Pese a ello, en una época previa a este mundo realista y prosaico, hubo quien se planteó —de veras— la necesidad de hacer justicia al Homo sapiens pasado, presente y futuro con el regalo de la inmortalidad. Es posible que la utopía sea hoy día una idea poco práctica, que haya quedado relegada a la división de las ensoñaciones pueriles; en este presente histérico de las velocidades inhumanas la utopía es poco rentable: prima la distopía, el mañana trágico (no hay más que ver el catálogo de cualquier editorial para comprobar que nos van mucho más las historias con desenlaces armagedón). ¿Nos hemos rendido al apocalipsis? ¿Qué dice esto de nosotros, los humanos del comienzo del tercer milenio? Sea como sea, hay alternativas al derrotismo. Una es acudir a la lista de títulos editados por el sello Caja Negra Editora y comprar Cosmismo ruso. Tecnologías de la inmortalidad antes y después de la Revolución de Octubre.
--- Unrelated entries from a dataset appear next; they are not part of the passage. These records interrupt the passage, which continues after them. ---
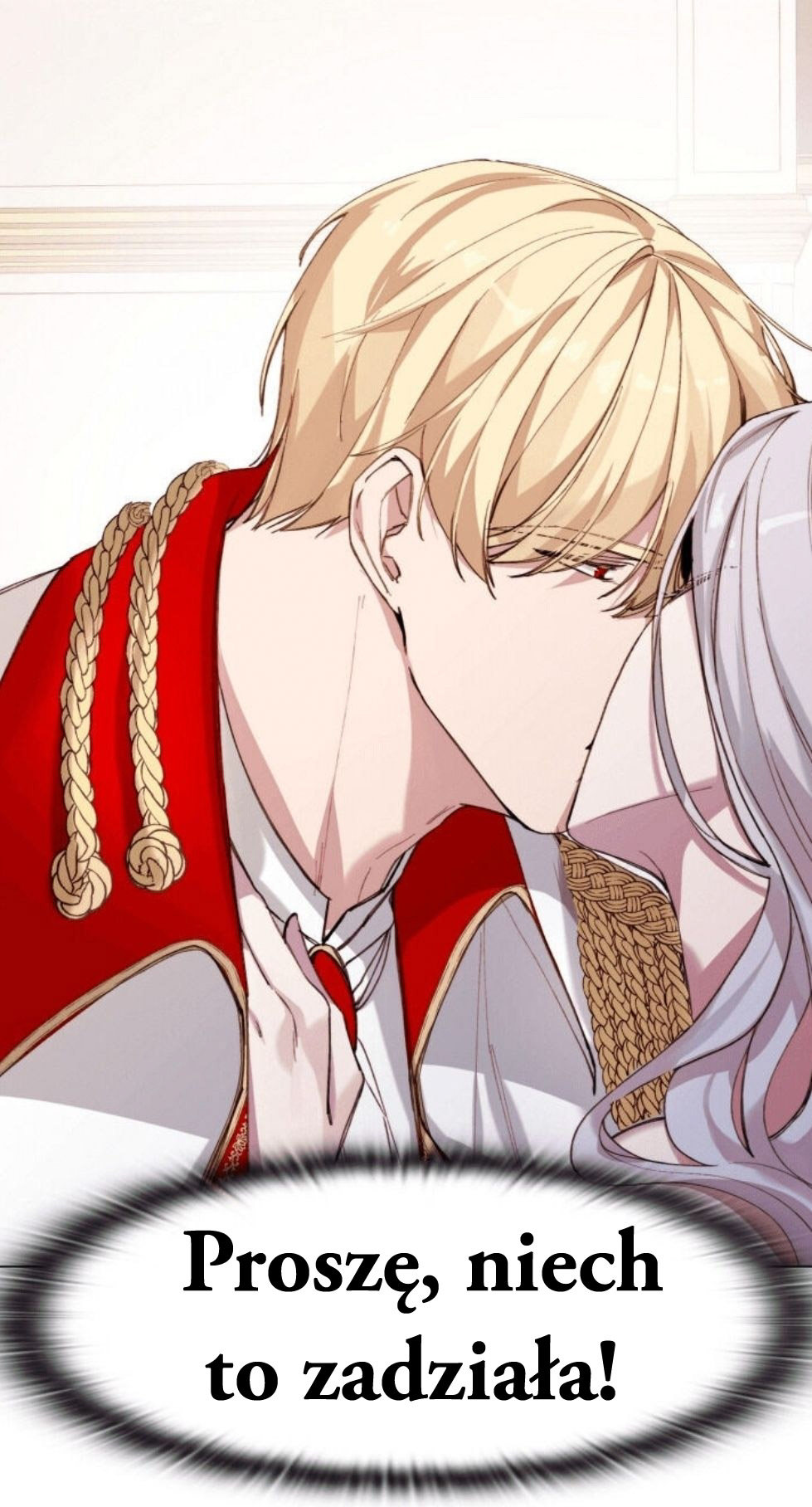 The Villainess Needs Her Tyrant Ch. 5 第32页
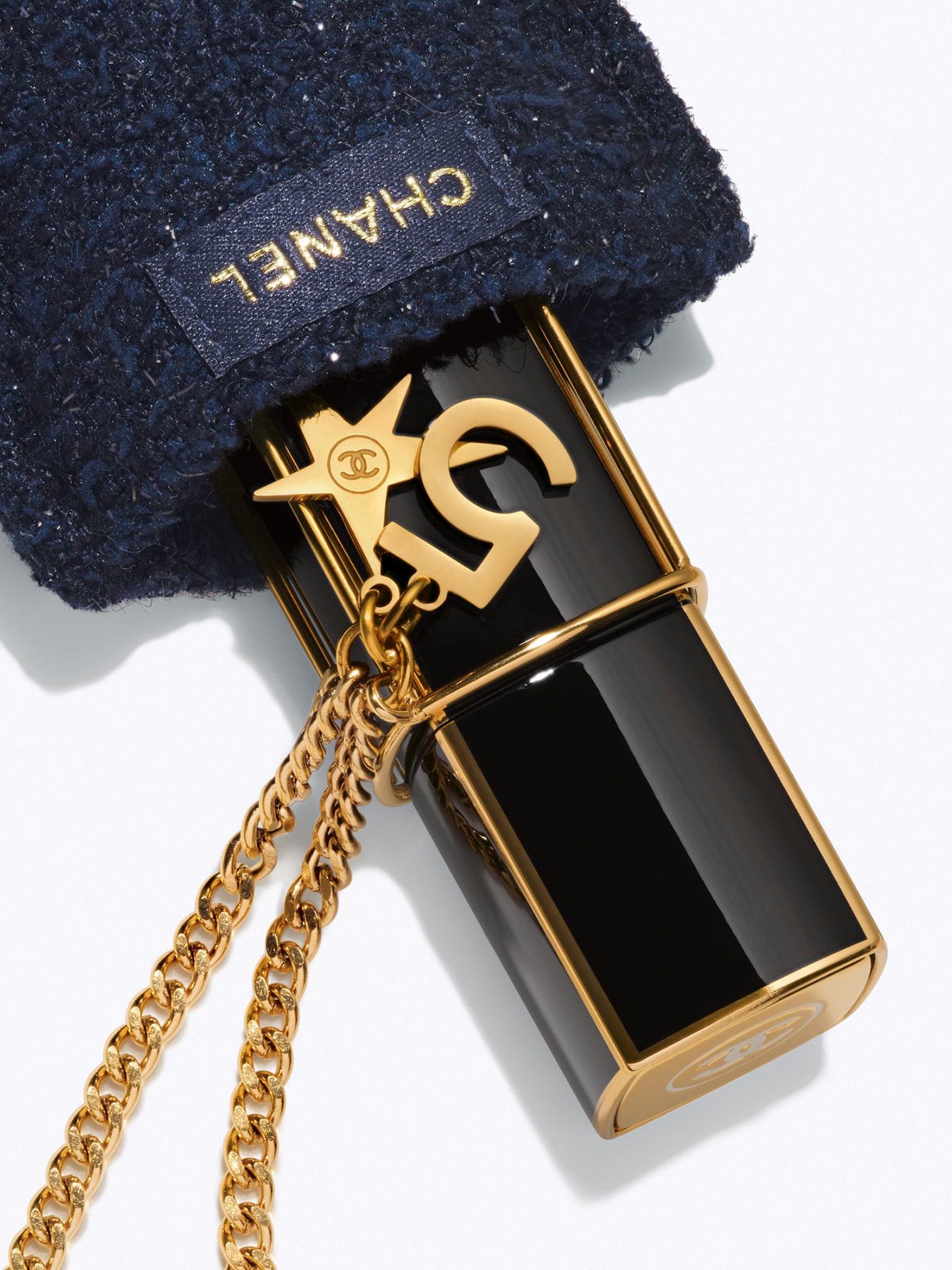 CHANEL N°5 オードゥパルファム ツイスト＆スプレー（ケース付き） N°5 CHANEL N5 オードゥパルファム ツイスト＆スプレー（ケース付き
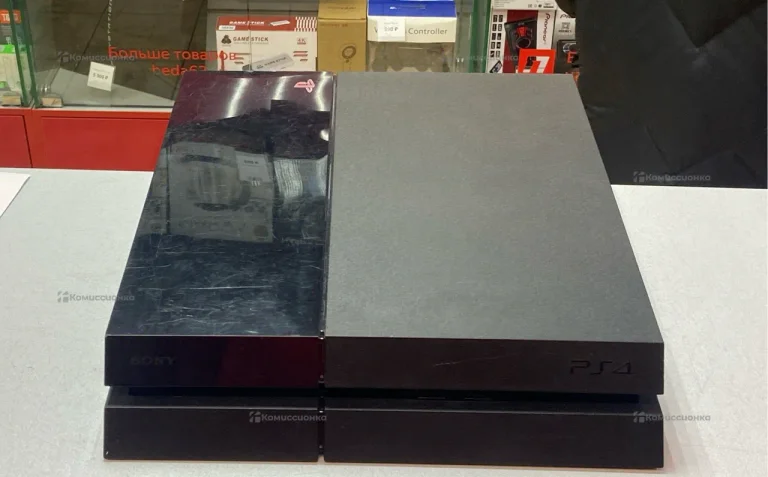 Приставка PS4 Slim 500gb
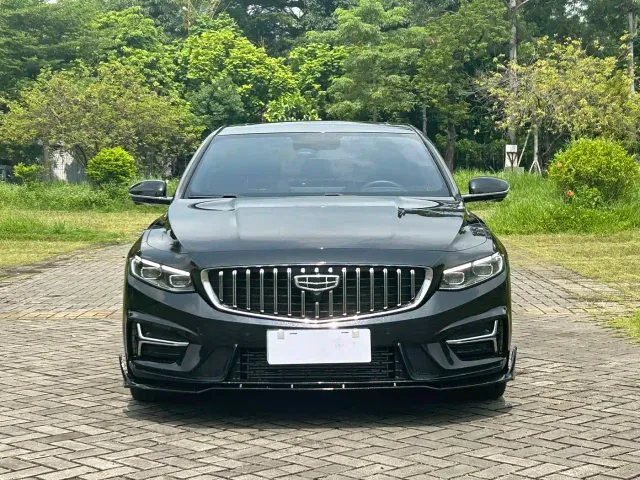 Geely Xingrui — Фото автомобиля 2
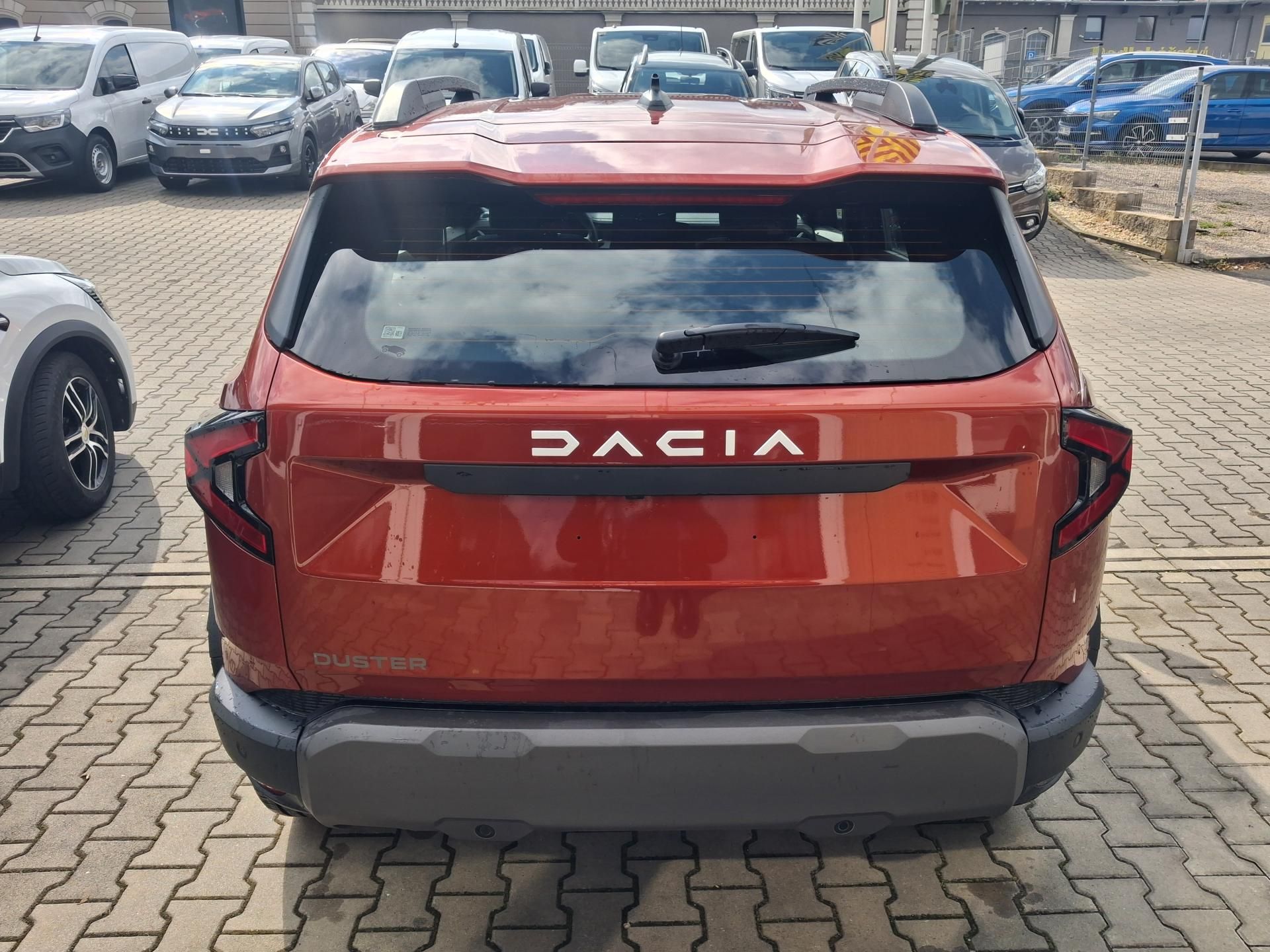 Dacia Duster, Expression mild hybrid 140 - fotka 6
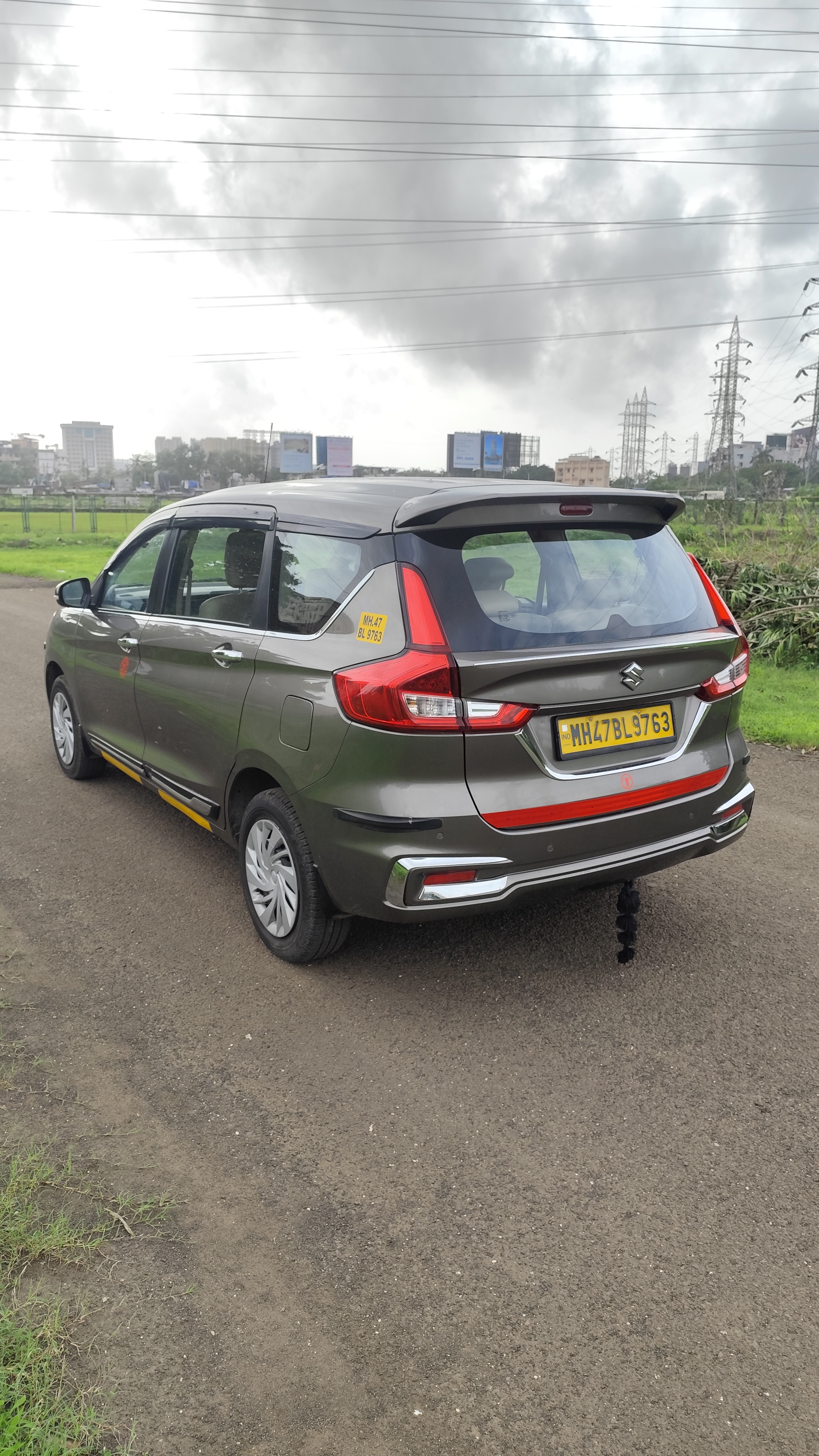 2024 Ertiga VXi P/CNG Tpermit  9763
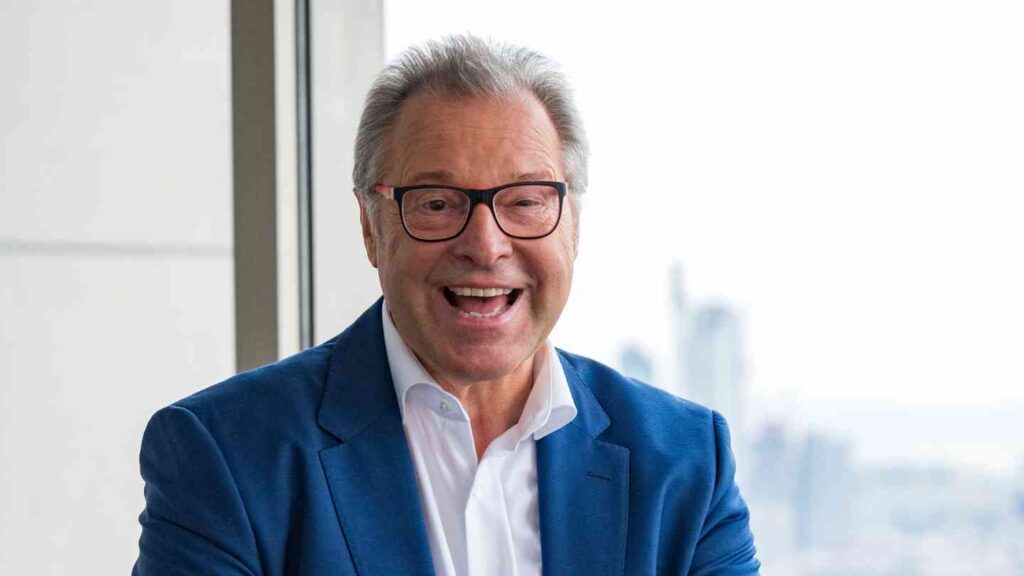 Vom Chef zum Mentor: Wie Andreas Berwing seine Nachfolge regelte – und was andere daraus lernen können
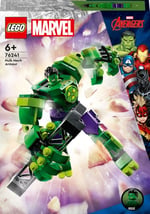 ADO-LSS76241 MARVEL HULK ROBOT YAPIM SETI 138PRC 4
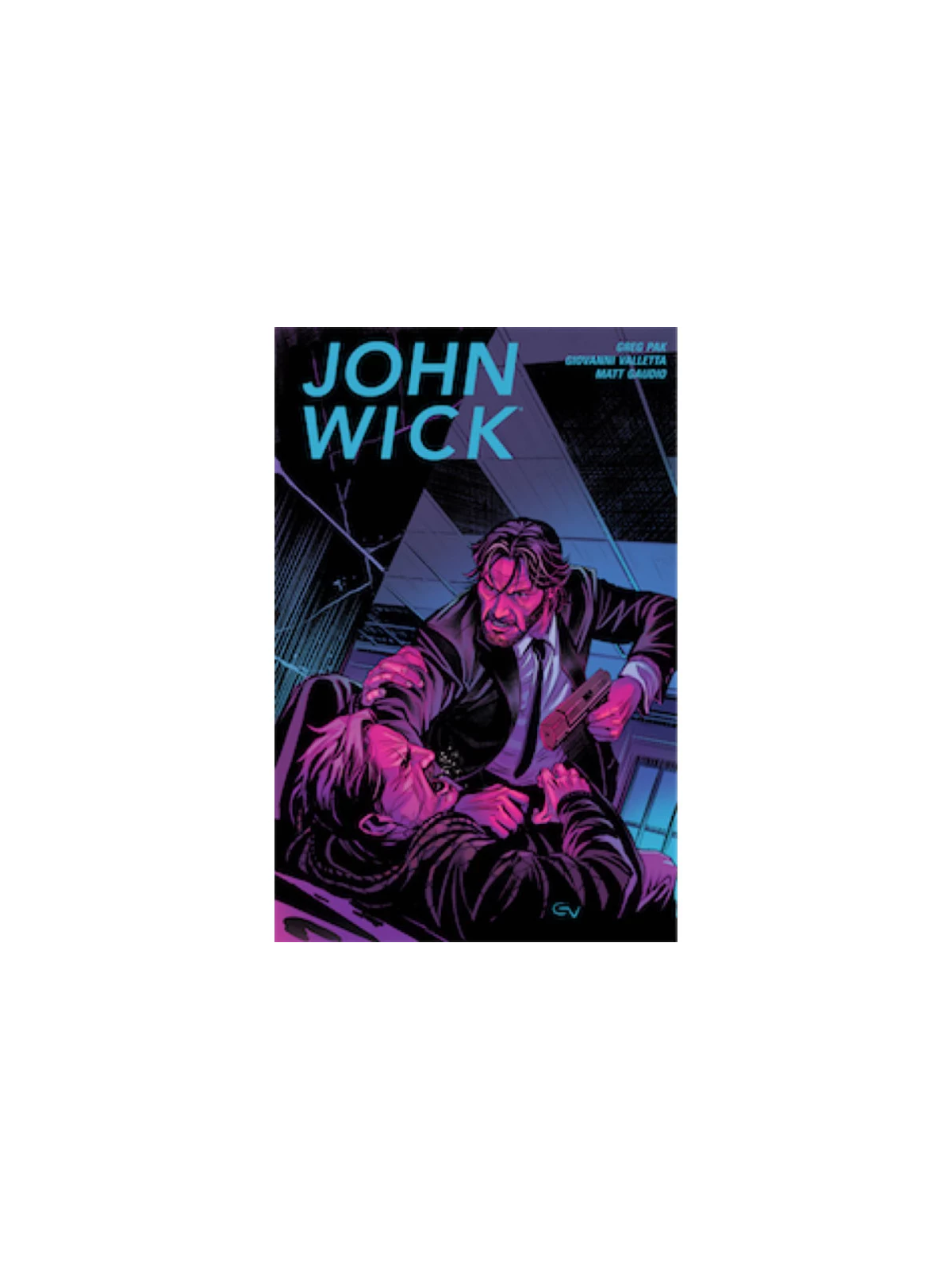 John Wick: El Nacimiento de Baba Yaga - Cómic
Este volumen, configurado por el filósofo, crítico de arte y teórico de los medios Boris Groys, recoge el pensamiento de una serie de autores rusos de finales del siglo XIX y principios del XX que llevaron la utopía más allá del tiempo y del espacio. De Fiódorov en adelante encontraremos el germen de la voluntad que ha guiado a los CEO de las compañías tecnológicas de Silicon Valley desde los primeros pasos ciberexpedicionarios hasta la antesala del metaverso: si bien podemos señalar a los magnates tecnoutópicos como responsables de haber diseñado la forma hiperconectada y adictiva en la que hoy vivimos, es de justicia reconocerles no solo lo tóxico, sino también el salto prodigioso que nos acerca a un estadio de la civilización imposible de soñar hace tan solo unas décadas.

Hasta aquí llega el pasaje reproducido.